Under the genial – and extremely effective – control of Councillor Brendan Gibb-Gray, a highly enthusiastic team of local citizens gathered around the superbly maintained Memorial Centre and the newly erected flag-pole in St. Peters Square – the civic centre of Emsworth – before 9.00am, many of whom were soon asked to cruise around the Town Centre, in order to ensure that the approach roads to the Square – King Street, Queen Street and others – were suitably devoid of traffic, as members of the 47 Regiment Royal Artillery were due to arrive at 10.00am, at the lower end of Queen Street, outside the Lord Raglan Public House.
A smartly attired group of soldiers soon arrived, and then – having formed a 50-strong platoon – marched eagerly into Emsworth’s main square, where they were destined to remain for just around an hour. Before long, they were proudly greeted by the Lady Mayoress of Emsworth, Yvonne Weeks, and, very soon, the local vicar, Reverend Simon Sayers joined in, by praising all these soldiers for their protective, civilised, activity and for combining so perfectly with this local community, which is very adjacent to their Army Centre, on Thorney Island.
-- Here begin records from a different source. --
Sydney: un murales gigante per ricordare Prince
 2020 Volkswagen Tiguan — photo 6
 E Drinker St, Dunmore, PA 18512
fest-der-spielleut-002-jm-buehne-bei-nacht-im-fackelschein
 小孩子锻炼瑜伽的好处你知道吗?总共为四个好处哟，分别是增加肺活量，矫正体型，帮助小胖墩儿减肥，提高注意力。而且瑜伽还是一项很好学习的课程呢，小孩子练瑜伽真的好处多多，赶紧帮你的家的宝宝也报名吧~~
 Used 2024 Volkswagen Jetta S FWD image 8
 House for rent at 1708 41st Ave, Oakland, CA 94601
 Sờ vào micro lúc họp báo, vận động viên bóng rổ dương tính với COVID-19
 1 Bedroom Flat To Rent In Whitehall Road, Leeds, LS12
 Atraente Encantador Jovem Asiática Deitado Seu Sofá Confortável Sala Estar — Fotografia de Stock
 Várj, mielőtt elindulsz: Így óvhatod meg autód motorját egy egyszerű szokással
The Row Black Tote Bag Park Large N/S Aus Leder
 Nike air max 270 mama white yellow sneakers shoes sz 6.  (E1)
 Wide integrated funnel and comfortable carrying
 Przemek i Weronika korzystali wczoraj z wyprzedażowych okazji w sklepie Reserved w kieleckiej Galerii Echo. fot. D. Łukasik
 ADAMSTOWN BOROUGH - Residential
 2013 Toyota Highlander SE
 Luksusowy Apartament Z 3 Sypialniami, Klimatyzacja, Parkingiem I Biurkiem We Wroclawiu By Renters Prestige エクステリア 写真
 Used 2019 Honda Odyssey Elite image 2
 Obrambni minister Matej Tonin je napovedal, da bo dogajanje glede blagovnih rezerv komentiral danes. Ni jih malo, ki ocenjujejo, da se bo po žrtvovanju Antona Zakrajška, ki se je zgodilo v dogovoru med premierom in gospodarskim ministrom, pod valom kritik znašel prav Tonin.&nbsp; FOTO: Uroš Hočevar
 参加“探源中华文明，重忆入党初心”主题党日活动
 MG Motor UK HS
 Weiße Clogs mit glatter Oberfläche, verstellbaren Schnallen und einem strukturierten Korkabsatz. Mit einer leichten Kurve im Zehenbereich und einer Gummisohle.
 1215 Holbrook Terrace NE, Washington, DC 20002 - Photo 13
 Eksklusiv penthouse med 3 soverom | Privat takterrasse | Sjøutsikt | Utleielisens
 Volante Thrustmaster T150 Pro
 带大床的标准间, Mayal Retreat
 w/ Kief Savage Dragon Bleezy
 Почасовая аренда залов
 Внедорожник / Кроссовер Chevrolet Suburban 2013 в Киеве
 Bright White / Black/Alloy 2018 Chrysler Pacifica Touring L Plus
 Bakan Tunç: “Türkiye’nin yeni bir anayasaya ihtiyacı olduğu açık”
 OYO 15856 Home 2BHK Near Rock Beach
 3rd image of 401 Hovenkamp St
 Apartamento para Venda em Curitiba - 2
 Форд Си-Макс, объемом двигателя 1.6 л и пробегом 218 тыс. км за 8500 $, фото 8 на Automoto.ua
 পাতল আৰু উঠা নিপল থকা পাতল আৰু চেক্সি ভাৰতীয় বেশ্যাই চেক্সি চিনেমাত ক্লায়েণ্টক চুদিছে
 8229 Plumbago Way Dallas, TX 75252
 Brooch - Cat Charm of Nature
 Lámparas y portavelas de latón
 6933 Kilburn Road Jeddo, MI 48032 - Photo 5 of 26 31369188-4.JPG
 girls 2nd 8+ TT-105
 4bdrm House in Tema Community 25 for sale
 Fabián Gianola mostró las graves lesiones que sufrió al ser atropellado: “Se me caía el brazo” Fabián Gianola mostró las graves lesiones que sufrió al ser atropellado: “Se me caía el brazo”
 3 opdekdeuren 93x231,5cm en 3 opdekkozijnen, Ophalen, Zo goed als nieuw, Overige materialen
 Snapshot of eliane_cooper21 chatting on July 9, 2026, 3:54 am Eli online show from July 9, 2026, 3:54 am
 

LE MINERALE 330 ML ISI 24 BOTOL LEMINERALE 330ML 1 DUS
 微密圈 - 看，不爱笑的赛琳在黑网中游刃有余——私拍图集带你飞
Once the Royal Navy Volunteer Band had played suitable music after the formal flag raising ceremony, on the new flag pole, and then the National Anthem, they – and the 50 members of the 47 Royal Artillery Regiment – were devotedly applauded by the hundreds of civilians present, particularly as they marched back down Queen Street, for their transport to Headquarters.
Then, having been offered “complimentary service” by several restaurants and coffee-bars within the Square, many of the wholehearted visitors were persuaded to remain there for the next few hours, thus creating a splendidly benevolent and memorable atmosphere in the centre of Emsworth.